Social unrest has been the norm in Hong Kong over the last decade as we’ve witnessed the clash between the centre and the the periphery, between mainland China and the people (or at least a very significant chunk of the people) of its regained territory. Such polarisation and disharmony is hardly without precedence in Hong Kong however as a cursory glance at the postwar history of this long-existing Pacific colonial outpost of the British Empire reveals. Confrontation between the state as represented by the colonial government and its unrepresented Chinese citizens has erupted and spilt over into violent rioting and conflict on several occasions.

Double-10th riots (photo: scmp.com)

“Double Tenth” Riots, 1956
In the 1950s tensions developed between right wing pro-Kuomintang settlers (many of which had fled to the British colony(𝒶) following the Communist takeover of mainland China in 1949) and pro-CCP inhabitants of Hong Kong. What triggered the riots that erupted in 1956 was to observers an act of “petty officialdom”. In the middle of National Day celebrations, an official tore down a Republic of China flag and decorations in a resettlement estate in the city. Enraged Nationalists railed against the police trying to defuse the tense situation but this eventually escalated into widespread rioting by the pro-KMT protesters with gang members joining in…attacks on property, arson attempts, looting, violence against the local police and against leftist workers and trade unionists across North Kowloon and Tsuen Wan. With the HK Police overwhelmed by the rioting the colonial secretary Edgeworth B David (acting on behalf of the governor Alexander Grantham) responded by bringing in a British army unit which eventually quelled the disturbances using force. Although brief in duration the riots resulted in 59 dead (including the wife of the Swiss vice consul) and around 500 injured. Although the Nationalist agents in the riots were politically motivated in their actions, another dynamic in the riots represented protests from the anti-communist refugees forced into overcrowded living conditions and blaming Chinese politics for “forcing them into Hong Kong in the first place”. (Wordie).
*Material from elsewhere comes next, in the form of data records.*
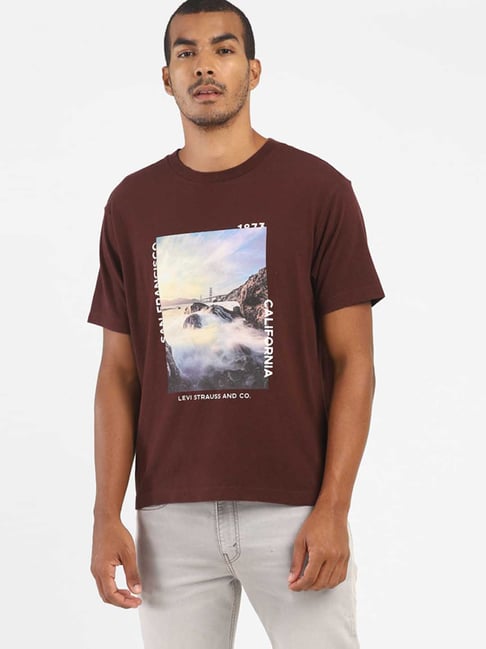 Levi's Brown Printed T-Shirt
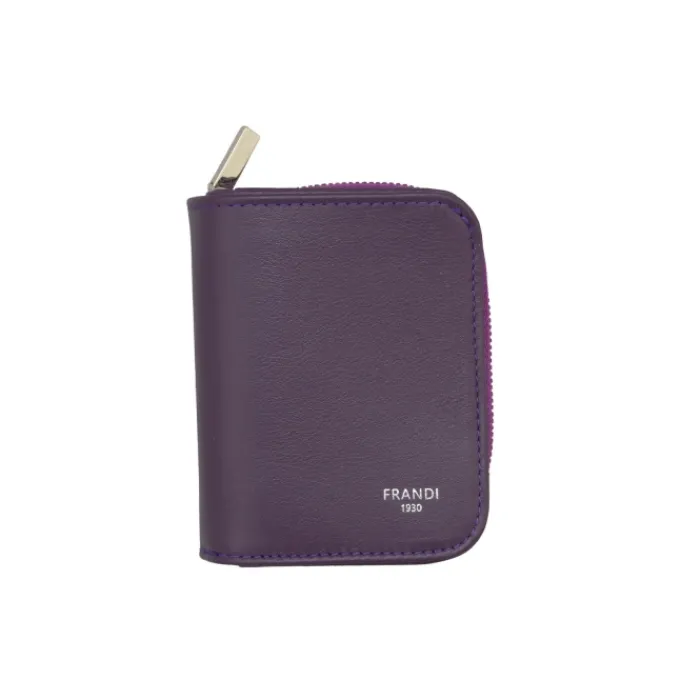 Frandi Portefeuille mini dos à dos>Femme Portefeuille Cuir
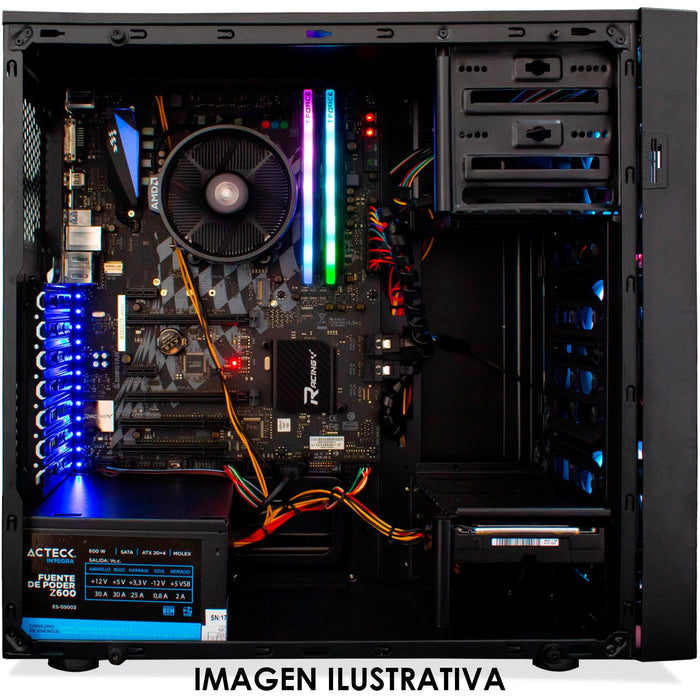 Gabinete Gamer BALAM RUSH DRAGONFLY ATX 4 Fan Cristal Templado RGB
(photo: toursbylocals.com)

Star Ferry Riots, 1966
The Star Ferry riots in 1966 started innocuously enough with a peaceful protest by commuters against the government’s decision to allow the company to increase fares for the cross-harbour journey by 25%(𝒷). As with what occurred ten years earlier, a heavy-handed reaction by the authorities to a minor kerfuffle provoked many Hong Kongers, especially its youth, to protest en mass which led in turn to widescale rioting and looting in Kowloon with police stations and other public facilities attacked and fire-bombed. The police fired tear gas into the crowds. Again, British forces were parachuted in to forcibly impose and maintain a curfew in the city. As a consequence of the disorder and rioting one rioter was shot and killed by police, dozens were injured and over 200 imprisoned.

Hill-side squatter huts, Tai Hang, 1965 (photo: Ko Tim-keung)
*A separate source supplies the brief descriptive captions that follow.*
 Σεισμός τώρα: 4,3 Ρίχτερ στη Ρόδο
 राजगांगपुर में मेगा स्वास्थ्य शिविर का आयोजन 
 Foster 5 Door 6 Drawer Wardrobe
1966, beginning of civic activism
The 1966 riots lacked the involvement of Chinese Triad gangs and rightist KMT malcontents that had been part of the 1956 troubles. Underlying its eruption was a widening disaffection of residents with the status quo in 1960s Hong Kongin part it can be seen as a protest against the widening discrepancy in HK society between rich and poor and the appalling living and working conditions the masses had to contend with (overcrowding, ongoing housing dilemma, etc.), and a manifestation of the public distrust engendered by the corruption of officialdom and police.

Protesting tram workers clash with HK police, 1967

The 1967 Riots
The 1966 riots produced perhaps the colony’s first large-scale social movement, however they were a prelude for a much more serious disturbance to Hong Kong society just one year later. What started as a minor industrial dispute involving workers at a plastic flowers factory in San Po Kong, striking over unreasonable work conditions, escalated into full-blown demonstrations, protests and violence by the Chinese inhabitants against the “iniquities” of British colonial rule with the HK governor David Trench taking a hard line with the malcontents.

Military patrol streets after Macau riots, Dec 1966 (Video, Papa Osmubal Archive)

Spillover from the Cultural Revolution and the Macau disturbances
The political climate in Communist China at the time—Mao Zedong’s Cultural Revolution was very much on the upswing—played its part in stirring the pot of discontent among left-leaning Hong Kongers and emboldening them to defy their imperial masters. Another source of inspiration for the leftist rioters was the recent success of their counterparts in nearby Macau (themselves encouraged by the energy of the Cultural Revolution) in what became known as the 12-3 Incident. Conflict between the Chinese and the Portuguese authorities, brewing since July 1966, exploded at the end of the year…a dispute over a school building project triggered a series of Macau Chinese protests and rioting with the active participation of Mao’s Red Guards against corruption and colonialism in Macau. The Portuguese colonial police’s violent response to the Chinese protestors resulted in eight deaths and over 200 injuries. Under pressure from Chinese business owners and Beijing Macau’s Portuguese governor was forced into a humiliating public apology for the police crackdown and had to accede to the protestors’ demands. Consequently the balance of power in Macau was altered totally and irrevocably: Red China now had de facto suzerainty over the colony, reducing Portugal’s role in its governance to a nominal one only(𝒸).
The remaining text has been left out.